Uses cosine similarity between query and document embeddings:

\[ \text{score} = 1 - \text{cosine\_distance} = \cos(\theta) = \frac{\mathbf{q} \cdot \mathbf{d}}{\|\mathbf{q}\| \|\mathbf{d}\|} \]

Where:

  • \(\mathbf{q}\) is the query embedding vector
  • \(\mathbf{d}\) is the document embedding vector

Multi-Vector Mode (Normalized Late Interaction)

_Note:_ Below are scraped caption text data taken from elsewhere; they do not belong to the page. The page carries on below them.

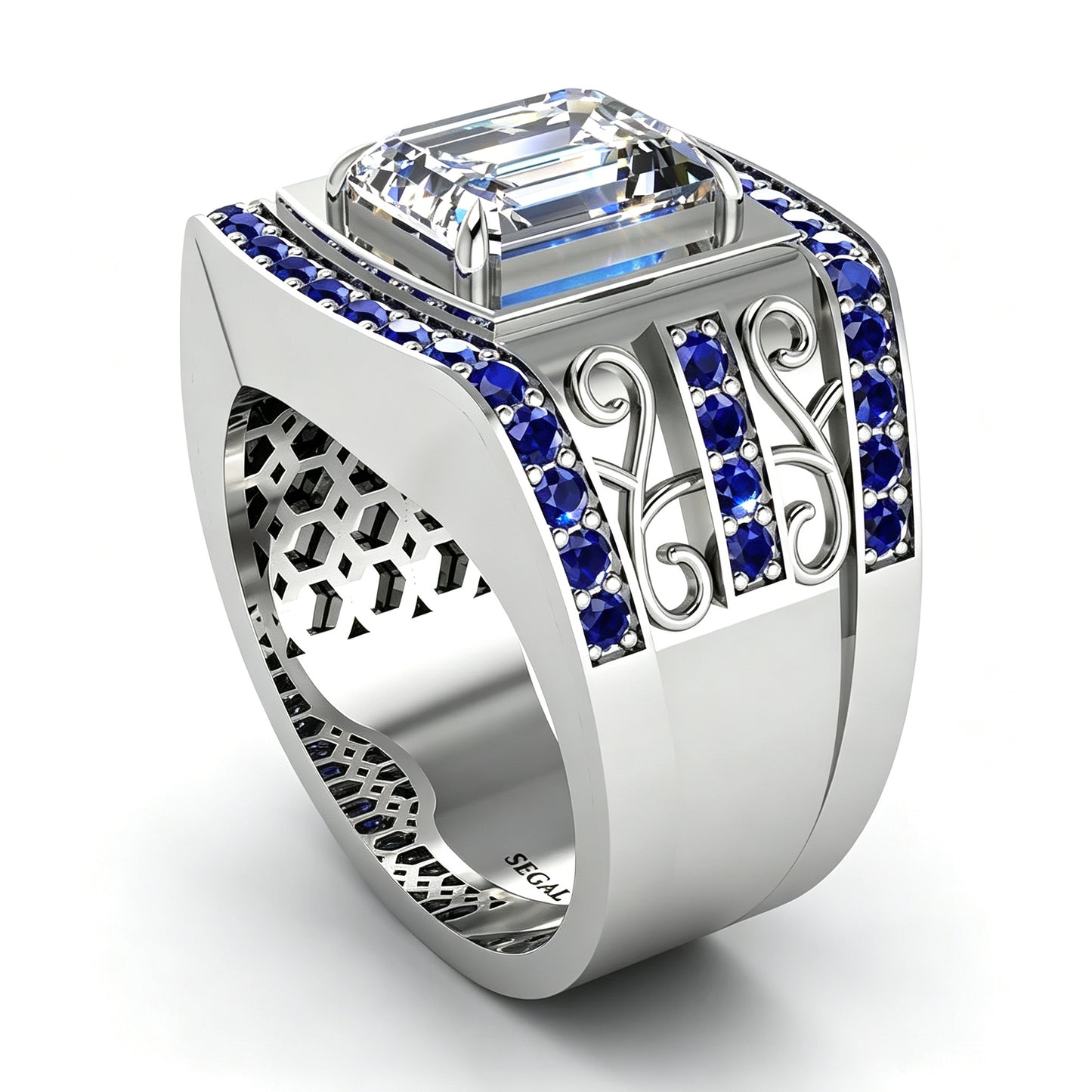 Jzora Handmade 3.7CT Moissanite Emerald Cut With Sapphire Accents Men's Ring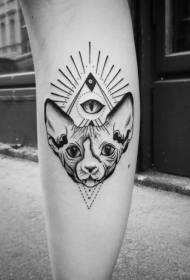 borjú fekete titokzatos szőrtelen macska geometriai szem tetoválás mintával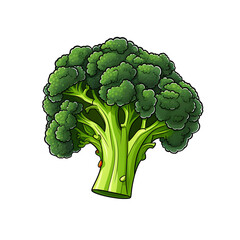 Whimsical Broccoli Vector Line Drawing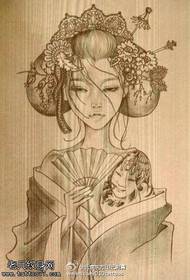 Zuri-beltzeko geisha eskuizkribuaren tatuaje eredua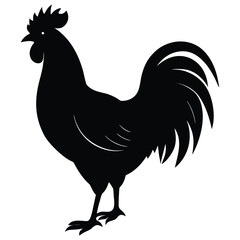 A black silhouette of a rooster standing in profile, showcasing its distinctive comb, tail feathers, and overall shape 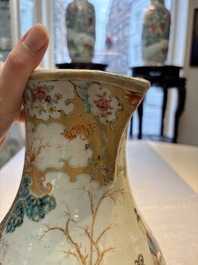A fine large Chinese famille rose gilt-decorated 'Mandarin Subject' jug and cover, Qianlong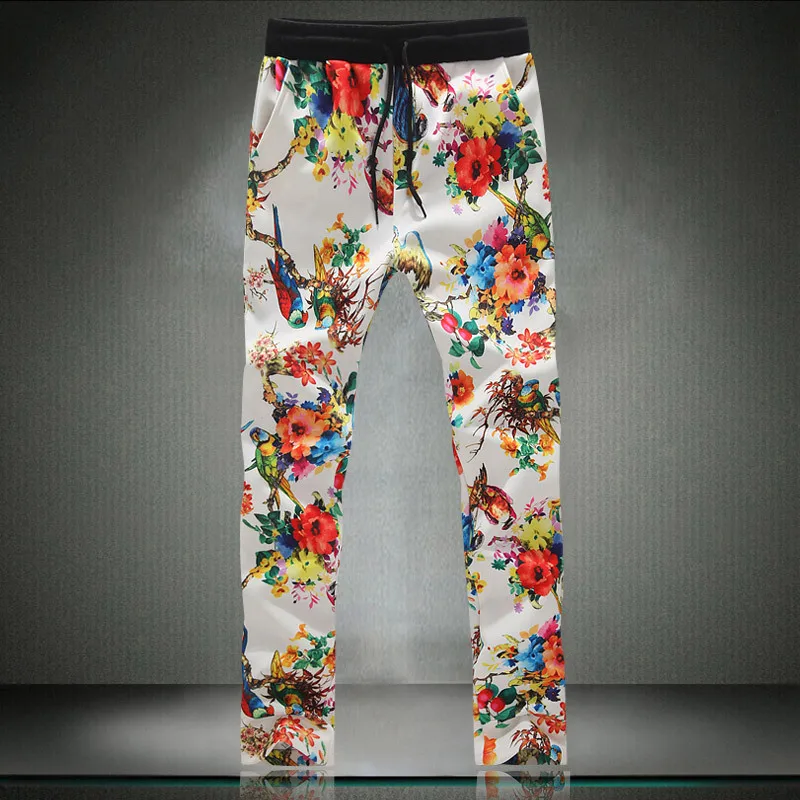 Floral Print Pant Hiphop Mens White Joggers Pants Casual Slim Leg Sweatpants For Men Streetmen Jogger Pants Men Joggers Girl Boy Pants Winter Pants Femalepants Mesh Aliexpress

Uses MaxSim operation normalized by the number of query vectors:

\[ \text{score} = \frac{1}{n} \sum_{i=1}^{n} \max_{j} (\mathbf{q}_i \cdot \mathbf{d}_j) \]

Where:

  • \(n\) is the number of query token vectors
  • \(\mathbf{q}_i\) is the \(i\)-th query token embedding
  • \(\mathbf{d}_j\) is the \(j\)-th document token embedding

This normalization ensures scores remain in [-1, 1] regardless of query length, making them comparable across different queries and compatible with single-vector scores for hybrid search.

Configuration

_target_: autorag_research.pipelines.retrieval.vector_search.VectorSearchPipelineConfig
name: vector_search
search_mode: single
top_k: 10
batch_size: 100

Options

Option Type Default Description
name str required Unique pipeline instance name
search_mode str single Embedding mode (single or multi)
top_k int 10 Results per query
batch_size int 100 Queries per batch

Search Modes

Mode Embedding Field Algorithm Use Case
single query.embedding Cosine similarity Standard dense retrieval
multi query.embeddings MaxSim (late interaction) Fine-grained token matching

Prerequisites

Queries must have pre-computed embeddings before running the pipeline:

from autorag_research.data_ingestor import DataIngestor

ingestor = DataIngestor(session_factory)
ingestor.embed_all(embedding_model)  # Populates embedding/embeddings fields

When to Use

Good for:

  • Semantic similarity search
  • Paraphrase and synonym matching
  • Cross-lingual retrieval (with multilingual embeddings)
  • Fine-grained matching (multi-vector mode)

Consider BM25 for:

  • Exact keyword matching
  • Low latency requirements
  • No embedding model available